Making my pasture more attractive to geese

I’m out of luck for hunting geese on my own place, but I’m working on a strategy to pull a few in next season.

I looked out in the pasture a couple of weeks ago, in the middle of a pretty nasty snowstorm, and I watched about 250 Canada geese hover a foot over the ground right out in my pasture for a few minutes, before they slowly moved on. They barely gained any altitude as they went – just enough to get over the fences, and then they disappeared into the snow.

As they were going, more geese came in right behind them. This group did the same thing – they hovered over my pasture a bit, then they moved on. Three more flocks followed after them, but all the geese eventually left without touching down.

It got me to thinking I wouldn’t have to go far to hunt geese. I could probably throw out a few dozen dekes right in my back yard and wait for some smaller groups to peel off and come see what was so interesting down on the Bobwire-S ranch. We get some incredible flocks of geese coming through our area this time of year, but they generally pass over us at high altitude on the way to the neighbors’ big crop strips. Those geese that got caught in that snowstorm were just momentarily discombobulated.

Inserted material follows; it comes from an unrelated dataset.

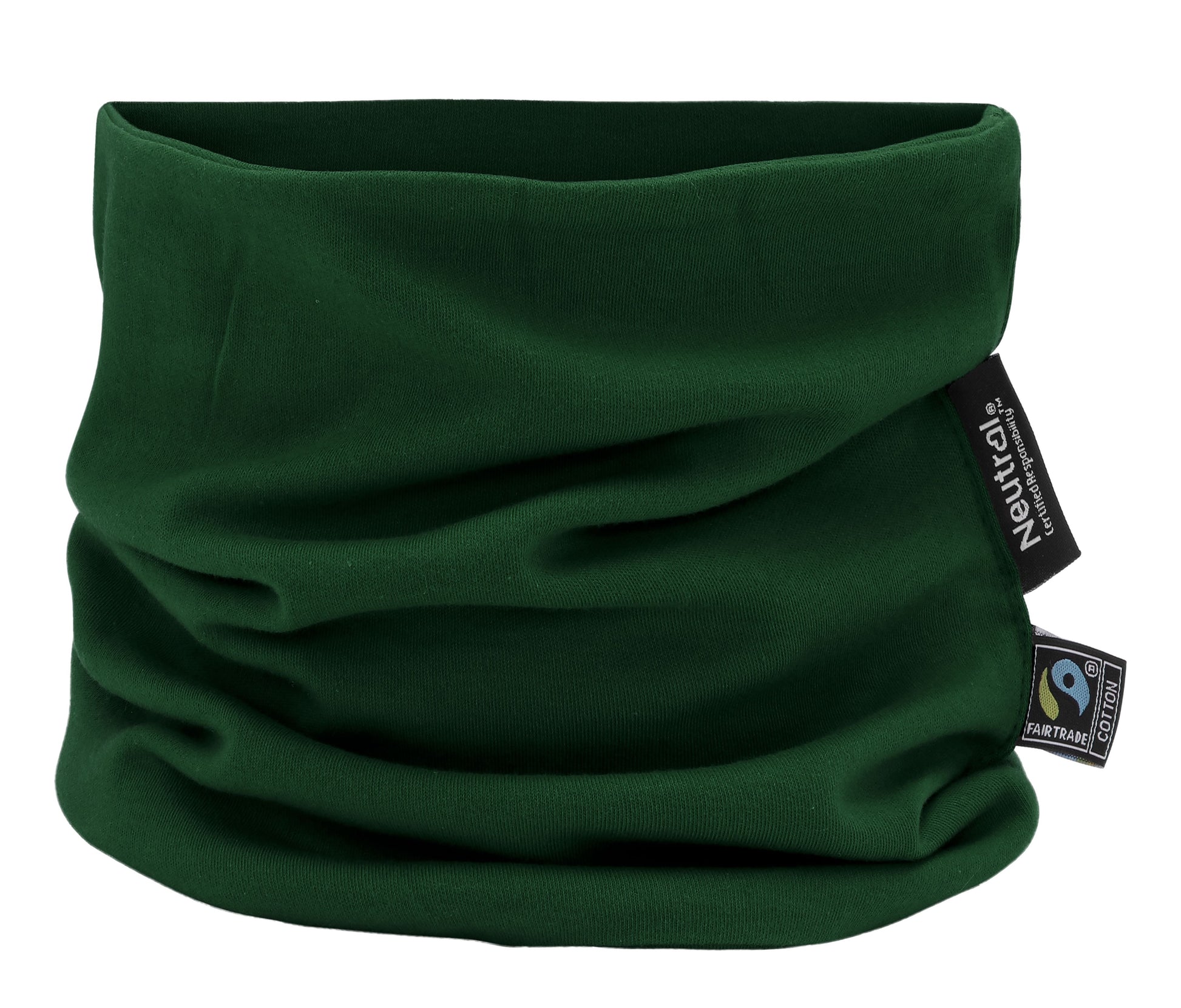 Snood en Coton - Bottle Green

It’s unlikely I could lure those big flocks in. Generally, large flocks only decoy to enormous spreads, unless you’re set up in the spot they were intending to go. But I’ve had luck pulling smaller batches in from the edges of those big flocks in the past.

Unfortunately, I’m going to have to wait until next year to test my theory. I missed the closing date for Zone C2 of the Central Flyway this year. But it gives me time to get a couple dozen Bigfoot decoys ordered, so I should be ready for those geese next season.